Lebanon was coming out of 15 years of war in which a variety of weapons were used. A direct and very visible consequence of war is the physical damage that it does to buildings. While bullet holes can be spotted in every neighborhood of Beirut, the downtown area was the most devastated as it saw the most fierce street battles in the early years of the war.
Rebuilding the center of town was important not only for aesthetic reasons but also as a final punctuation point declaring that the war was officially over. The glittery rebuilt city center promised to revive Beirut's lore and lure tourists with deep pockets.
First though, money had to be invested in the reconstruction process.
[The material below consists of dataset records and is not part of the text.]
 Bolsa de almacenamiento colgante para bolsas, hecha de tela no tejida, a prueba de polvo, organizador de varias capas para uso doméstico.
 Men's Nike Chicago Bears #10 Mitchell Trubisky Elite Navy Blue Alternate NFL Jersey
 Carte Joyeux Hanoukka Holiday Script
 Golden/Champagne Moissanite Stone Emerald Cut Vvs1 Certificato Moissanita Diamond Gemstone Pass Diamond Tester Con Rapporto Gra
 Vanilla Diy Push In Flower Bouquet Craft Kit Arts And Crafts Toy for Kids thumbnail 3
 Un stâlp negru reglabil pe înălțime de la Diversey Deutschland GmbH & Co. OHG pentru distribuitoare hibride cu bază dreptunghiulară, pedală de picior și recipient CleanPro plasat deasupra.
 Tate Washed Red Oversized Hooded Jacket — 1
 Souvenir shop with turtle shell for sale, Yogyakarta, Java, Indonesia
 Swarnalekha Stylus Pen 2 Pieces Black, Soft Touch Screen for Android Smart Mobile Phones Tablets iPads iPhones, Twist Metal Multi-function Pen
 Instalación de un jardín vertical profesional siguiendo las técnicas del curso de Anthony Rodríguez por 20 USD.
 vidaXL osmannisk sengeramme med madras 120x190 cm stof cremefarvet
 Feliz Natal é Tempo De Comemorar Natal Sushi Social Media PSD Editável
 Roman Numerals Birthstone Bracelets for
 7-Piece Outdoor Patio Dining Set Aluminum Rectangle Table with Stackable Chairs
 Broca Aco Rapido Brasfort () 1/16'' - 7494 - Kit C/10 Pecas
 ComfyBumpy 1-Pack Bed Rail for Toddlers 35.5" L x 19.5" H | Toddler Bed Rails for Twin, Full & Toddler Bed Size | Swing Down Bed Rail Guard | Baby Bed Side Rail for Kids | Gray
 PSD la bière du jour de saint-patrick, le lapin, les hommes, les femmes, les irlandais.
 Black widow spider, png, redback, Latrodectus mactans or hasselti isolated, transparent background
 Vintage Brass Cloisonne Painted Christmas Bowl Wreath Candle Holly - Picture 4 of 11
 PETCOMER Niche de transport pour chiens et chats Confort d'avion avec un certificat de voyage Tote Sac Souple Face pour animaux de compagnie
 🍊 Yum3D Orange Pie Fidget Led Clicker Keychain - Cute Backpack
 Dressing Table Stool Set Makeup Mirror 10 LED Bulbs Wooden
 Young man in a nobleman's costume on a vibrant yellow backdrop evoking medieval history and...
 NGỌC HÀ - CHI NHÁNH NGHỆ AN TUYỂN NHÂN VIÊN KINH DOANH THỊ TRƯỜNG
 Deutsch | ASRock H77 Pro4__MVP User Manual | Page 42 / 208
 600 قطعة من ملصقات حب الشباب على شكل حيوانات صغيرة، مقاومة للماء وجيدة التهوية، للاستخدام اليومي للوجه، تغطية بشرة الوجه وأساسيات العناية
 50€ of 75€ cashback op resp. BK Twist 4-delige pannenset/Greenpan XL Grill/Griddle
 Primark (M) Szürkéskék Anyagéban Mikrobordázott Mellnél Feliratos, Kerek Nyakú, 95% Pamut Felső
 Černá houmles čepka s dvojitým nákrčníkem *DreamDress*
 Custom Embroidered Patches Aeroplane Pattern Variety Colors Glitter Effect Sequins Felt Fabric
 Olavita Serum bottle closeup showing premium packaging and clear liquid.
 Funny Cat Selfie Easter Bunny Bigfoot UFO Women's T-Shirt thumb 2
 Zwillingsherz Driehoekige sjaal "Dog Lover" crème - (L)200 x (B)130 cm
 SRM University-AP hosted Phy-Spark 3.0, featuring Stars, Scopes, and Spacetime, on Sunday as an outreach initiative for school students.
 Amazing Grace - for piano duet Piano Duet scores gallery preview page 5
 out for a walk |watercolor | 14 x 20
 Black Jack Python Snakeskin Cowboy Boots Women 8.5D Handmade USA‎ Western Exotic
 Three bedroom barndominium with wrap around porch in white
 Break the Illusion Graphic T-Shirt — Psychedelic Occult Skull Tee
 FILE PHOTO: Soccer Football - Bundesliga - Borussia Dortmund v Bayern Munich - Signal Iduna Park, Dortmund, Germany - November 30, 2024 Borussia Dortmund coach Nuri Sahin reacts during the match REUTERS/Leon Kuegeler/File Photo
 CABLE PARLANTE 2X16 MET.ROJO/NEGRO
Local banks stepped up. Owned by a dozen families of Lebanon's old guard, the financial institutions were eager to cash in on the lucrative interest rates that the Hariri-led Lebanese government was willing to pay for reconstruction money. Rafik Hariri was becoming less of an outsider.
Cash was readily available in the banks due mainly to an oil boom, and the Lebanese government ministries all had rebuilding projects. The fact that these ministries were run by the same people that made rebuilding necessary in the first place was just a side note. Public debt ballooned. The term Harirism entered the Lebanese political jargon. However, its use by Hariri’s friends and foes alike singled him out for any blame associated with fiscal mismanagement, which was unfair. His Taif warlord partners were just as responsible for the crippling corruption that was afflicting the government coffers.
Crisis struck when the money supply ran low. The hiatus that Hariri was forced into at the end of the 1990s exposed a hole in his grip over the Lebanese economy.
Hariri had a chance to address these gaps when he made his comeback in 2000. His comeback was accelerated partly by the need to keep the balance between the camps, especially as the forced withdrawal of Israeli occupation neared, marking a significant milestone for the security camp.
Labor unions, syndicates, and economic committees were the next frontier. Backed by an electoral victory and the full support of shareholders, Hariri proved his weight and tightened his grip – either with loyalists of his then unofficial Future Movement or through proxies – on a number of institutions that had influence on what became the business of economic policy making. It’s worth noting that there were instances where official security apparatuses lent muscle to the Taif establishment to solidify the economic model for Lebanon.
The final word was still with the leadership in Syria, but the contradiction between conflicting strategies within the same state was becoming more and more apparent, putting the new leadership in Damascus to the test.
Lebanon became a country standing on diverging poles, or rather pogo sticks. Its economic strategy was designed for a sterile environment that looks nothing like the “creative chaos” looming on the horizon. The resistance strategy saw economic planning as an additional hindering burden that was not on the priorities list.
The Taif economic establishment and the paramilitary team were consolidating power and monopolizing policy and decision making in their respective camps. With no further vertical expansion possible for the two camps, horizontal growth was the only way to expand. However, that meant stepping on the other camp's toes instigating an untimely clash given the uncertain atmosphere emerging in the region following the invasion of Iraq.
UNSC 1559 and the extension of Emile Lahoud's term as President of the Republic flared tempers between the two camps setting the stage for a summer showdown in the 2005 parliamentary elections. Rafik Hariri resigned as Prime Minister preferring to face the pivotal challenge as an opposition figure.
On 14 February 2005, Rafik Hariri was assassinated.
One month later, the “March 8th” and “March 14th” labels were born.